Enjoy The Terrific Texas Book Festival
Remember those book fairs you had as a kid? Am I the only one that would get super excited when you got the mini-magazine order form thing? I remember going home and circling all the books I wanted and writing the book fair in my calendar.
I do the same thing every year when the Texas Book Festival comes around. Except this is the big leagues. Sure there are tents full of books to buy and your favorite authors are ready to sign your copy, but the thing that I love most about the book festival is that it’s free.
The Texas Book Festival happens once a year usually in October, in the capital of Texas and my hometown–Austin. If you’ve never been to the Capitol, this is a great time to go and explore as a lot of the panels from authors at the fest are held in the extension. The festival is two days, always a Saturday and Sunday. Look at the schedule and see who is going to be speaking what day to make your plan.
Meet Your Favorite Authors
My second favorite thing about the Texas Book Festival are all the author panels. Organized by different discussion topics and genres, these panels are what bring this free writer’s conference to life. I’m usually at the Latinx Tent or the YA HQ Tent. You can see me taking notes and often in deep thought. The moderators always leave time for audience questions. I never seem to be able to think of one on the spot. I should write them down and bring them with me next year.
After each panel, the authors are taken to the signing tent where you can line up and meet them, get your book signed and take a selfie. All this is free. There are some author events at the fest that happen off-site that do cost money, it’s usually more of a one-on-one conversation with the author. If one of your favs is a ticketed event I say go for it.
Books, Books, Books!
There are tents for Children’s books, adult books, and even cookbooks. Cooking demos are also on the schedule so check to see if your favorite chef is scheduled and make sure to watch a cooking demonstration before heading to a panel.
There are vendors and self-publishing tents too. Sometimes you can get a free book and discover a new author. I happened to find a YA tent where if you rolled the dice, you got a free YA arc!
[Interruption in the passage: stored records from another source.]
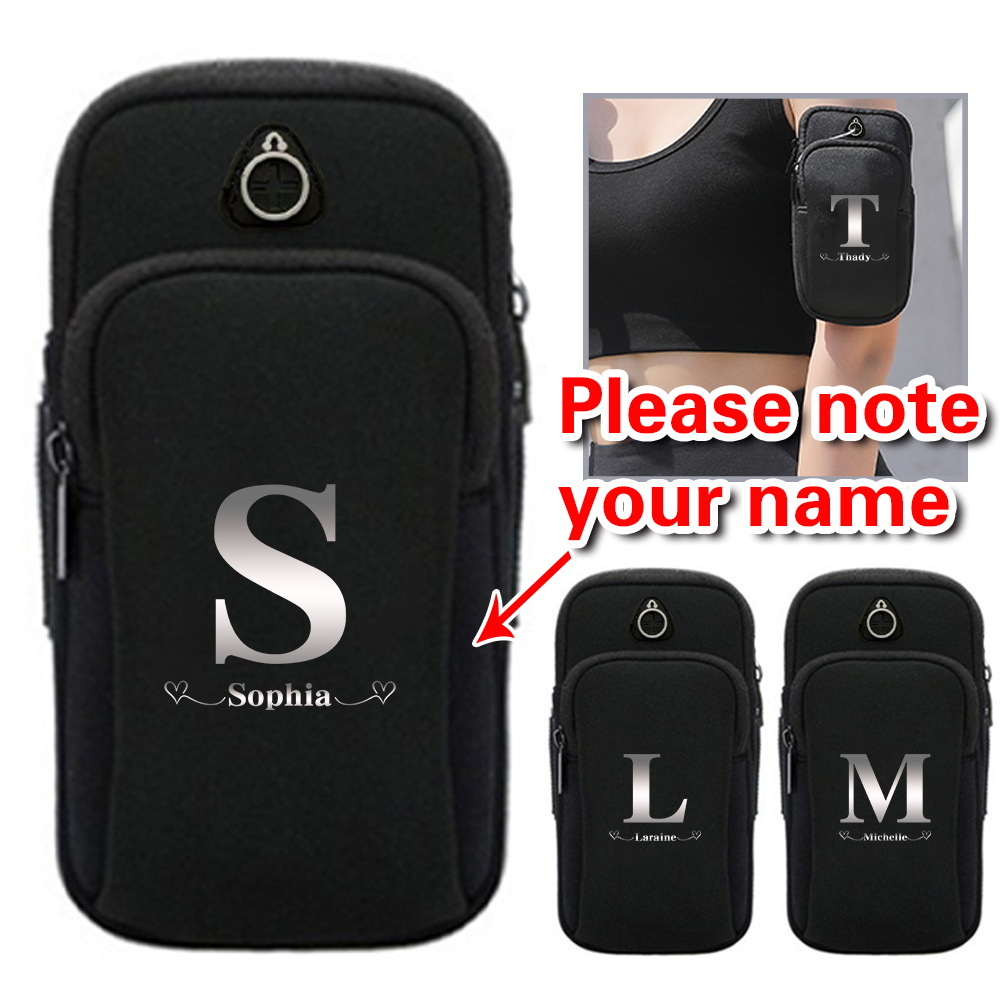 Phone Accessories And Names - パーソナライズされたカスタマイズされた名前ランニングバッグ電話アームバッグ通気性のあるスポーツアクセサリー耐久性のある大容量収納ポーチ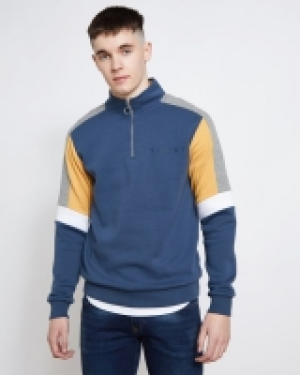 Dunnes Stores  Paul Galvin Navy Funnel Sweatshirt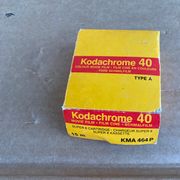 Kodachrome 40 super 8 catridge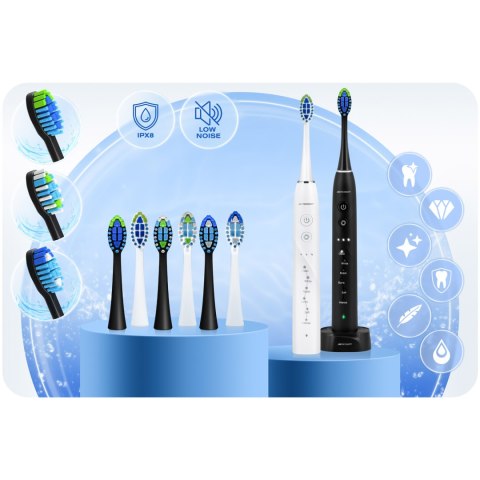 Szczoteczka soniczna do zębów zestaw 2 szt Berdsen Galaxy Duo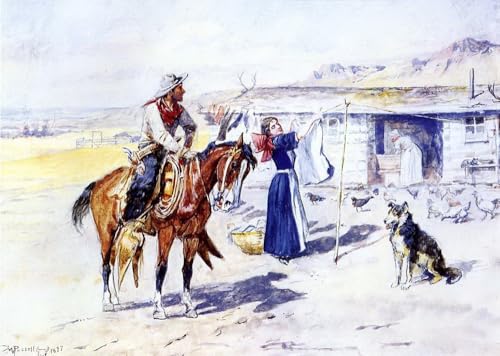 Peinture à l'huile Charles Marion Russell pour remplacer les posters sans âme par de l'art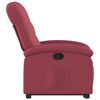 vidaXL Relaxsessel mit Aufstehhilfe Weinrot Stoff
There are also discounted book tents that sell $5 paperbacks and $7 hardcovers. Walking around and finding books that have been on my to-be-read-list and also scouting hidden gems that sometimes find me, my limit is usually no more than 10. It’s hard not to go crazy here but my sister always gives me a number. This year I got two free books and bought 6 paperbacks for $30!
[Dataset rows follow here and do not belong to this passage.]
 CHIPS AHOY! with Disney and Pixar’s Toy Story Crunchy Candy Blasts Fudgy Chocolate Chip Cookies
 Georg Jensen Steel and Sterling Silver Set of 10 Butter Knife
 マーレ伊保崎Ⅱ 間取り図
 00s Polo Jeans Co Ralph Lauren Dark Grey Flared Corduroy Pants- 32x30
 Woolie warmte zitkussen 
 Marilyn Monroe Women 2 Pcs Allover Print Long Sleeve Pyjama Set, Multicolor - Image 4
If you are hungry, don’t worry. Most of the restaurants on Congress are closed during the weekends but there are a ton of food trucks (an Austin specialty) that come and park around the festival to give you plenty of options. My favorite? Mmmpanadas. So grab some food and all your books and find a spot on the Capitol Grounds and take a lunch break.
I usually pick one day out of the festival to explore and use the second day to read and write at home from all the book and writing inspiration I got from the fest the day before. Unless your favorite authors are spread out across both days, or you want to do the morning one day and afternoon another, I think you can pretty much experience the festival in one day.